Ironically, the publicly accessible documents and alleged "proof" to which Nowak refers consist of the very exchange of memoranda on interrogation techniques that culminated with Donald Rumsfeld's refusal to authorize waterboarding. Rumsfeld likewise refused to authorize even the mere threat of physical violence. Other, obviously less severe, techniques were approved and were applied, notably, in the extended interrogation of al-Qaeda detainee Mohammed al-Qahtani.
But that these less severe techniques do not rise to the level of torture, in the ordinary sense of the term, is unwittingly made clear by the very excerpts from the leaked record of the al-Qahtani interrogations that the ZDF report dramatically flashes across the screen: "18 December 2002, 1415: Detainee's head and beard were shaved with electric clippers. Detainee started to struggle when the beard was touched but quickly became compliant"; "20 December 2002, 1115: Began teaching the detainee lessons such as stay, come, and bark to elevate his social status up to that of a dog. Detainee became very agitated." The interrogators' treatment of al-Qahtani is obviously humiliating and sometimes just asinine. But ZDF's ominous presentation of an unwanted shave as "torture" would be outright comical, were it not for the fact that through this sort of conceptual distortion "experts" like Manfred Nowak are threatening to render international protections against torture completely arbitrary. (On the al-Qahtani case and a similar German case, which the European Court of Human Rights recently ruled did not constitute torture, see my article "'Torture' in the Dock" in Policy Review.)
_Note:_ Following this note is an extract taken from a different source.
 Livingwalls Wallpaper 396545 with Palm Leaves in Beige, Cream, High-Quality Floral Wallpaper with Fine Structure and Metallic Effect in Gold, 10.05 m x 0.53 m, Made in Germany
The one-sided and inflammatory character of the Frontal21 segment is, incidentally, typical for ZDF's reporting on the American "war on terror." For an earlier example, involving the former Guantánamo detainee Murat Kurnaz, see here. In September 2007, on the sixth anniversary of 9/11, ZDF distinguished itself by airing a 45-minute documentary that gave a sympathetic hearing to a motley collection of "conspiracy theorists" and their contention that the American government was somehow responsible for the attacks. (See my report here.)
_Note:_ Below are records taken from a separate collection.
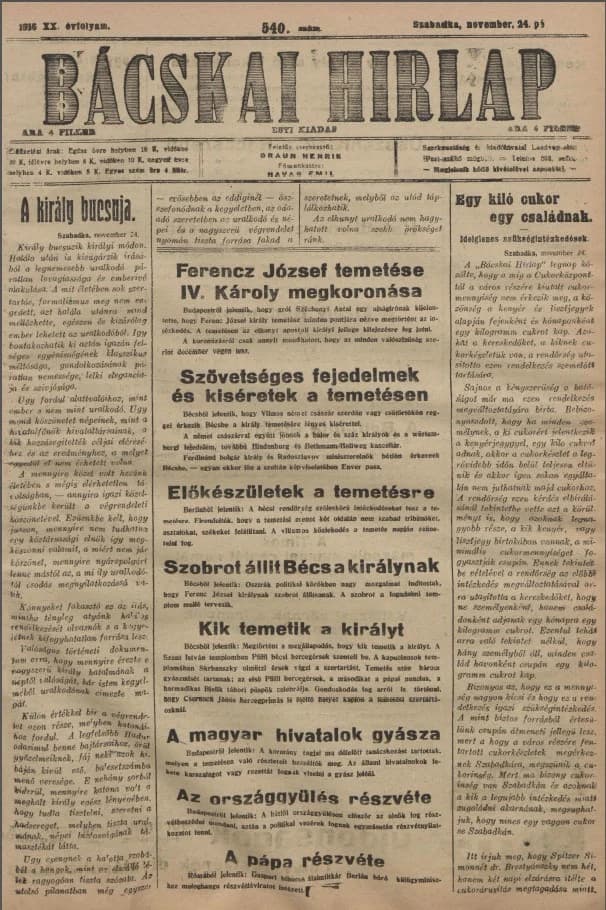 Bácskai Hirlap, 20. évf. 1916. november 24. 540. sz.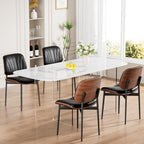 REONEY Dining Chairs Set of 4, Mid-Century Modern Upholstered PU Leather Chairs with Walnut Bentwood Back and Metal Legs Adjustable Feet for Kitchen Dining Room, Black Shell Strips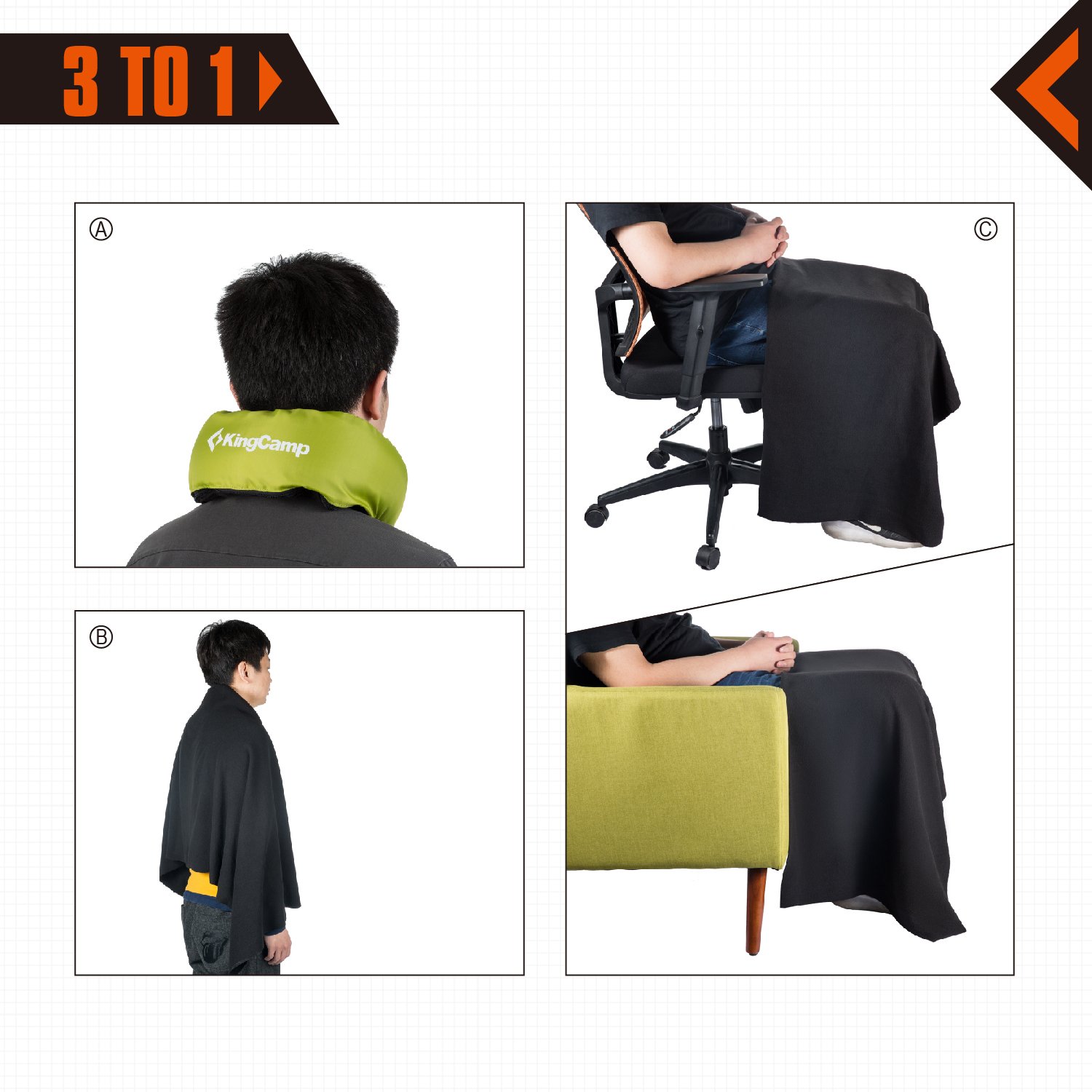 KingCamp 3 IN 1 (Pillow / Scarf / Blanket) Neck Pillow, Green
As for Nowak, as discussed in my 2006 essay "The Road to Condemning Guantánamo," he has himself identified his compatriot and teacher, the late Austrian jurist Felix Ermacora, as the "inspiration" for his torture charges against the United States. Ermacora was a leading member of post-World War II revisionist circles in Austria and Germany. His work is marked by obvious resentment toward the victorious Allied powers and even by a certain admiration for the Third Reich. (In a 1986 essay, for instance, Ermacora praised what he called "a constructive policy of the German Reich" in German-occupied Czechoslovakia.) Several of Ermacora's closest intellectual collaborators were former Nazis. These were jurists who had participated in the elaboration of Nazi legal theory and whose core ideas remained unchanged.
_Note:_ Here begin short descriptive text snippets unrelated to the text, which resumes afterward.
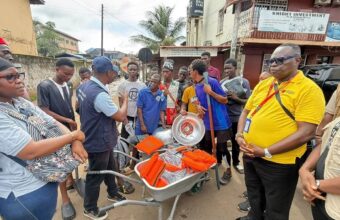Community cleaning and drainage clearing exercise in the Western Area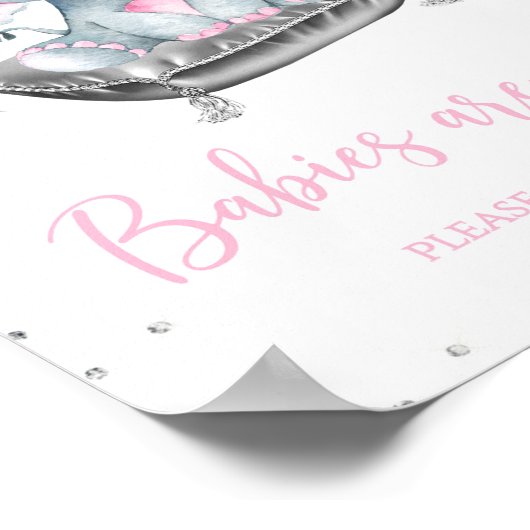 ガールエレファントベビーシャワー優先テーブルシンボルや象徴 ポスター (角)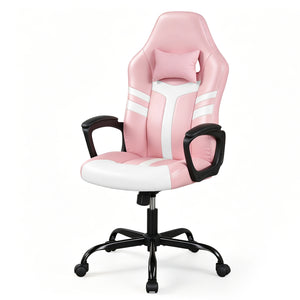 Faux Leather Upholstered Office Chair with Removable Head Pillow and Rocking Function-Pink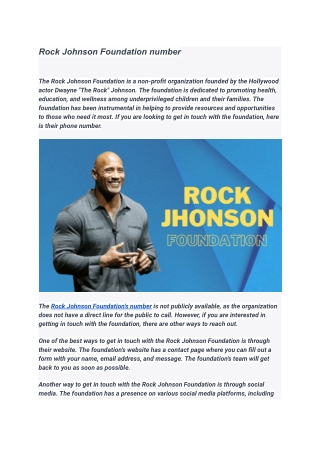 Rock Johnson Foundation number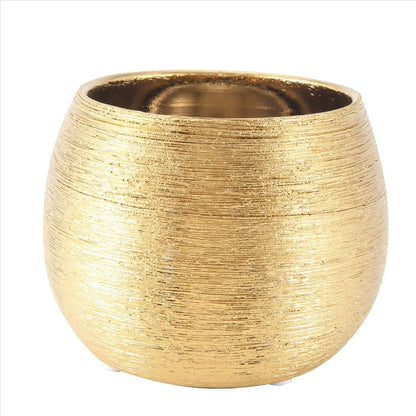 Ceramic Plant Pot Planter Gold-Plated Flower Flowerpot Vase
They included, for instance, Theodor Veiter, an essay by whom is included in a 1988 Festschrift for Felix Ermacora co-edited by Manfred Nowak. Veiter's 1938 monograph on "National Autonomy" [Nationale Autonomie] provides a theoretical defense of the infamous Nuremberg Laws as a means for "protecting" the German nation from "the corrupting influence of the Jewish intellect" (p. 209). Ermacora himself contributed an article to a 1981 Veiter-edited Festschrift for their colleague Franz Hieronymus Riedl. Riedl was a convicted Nazi war criminal.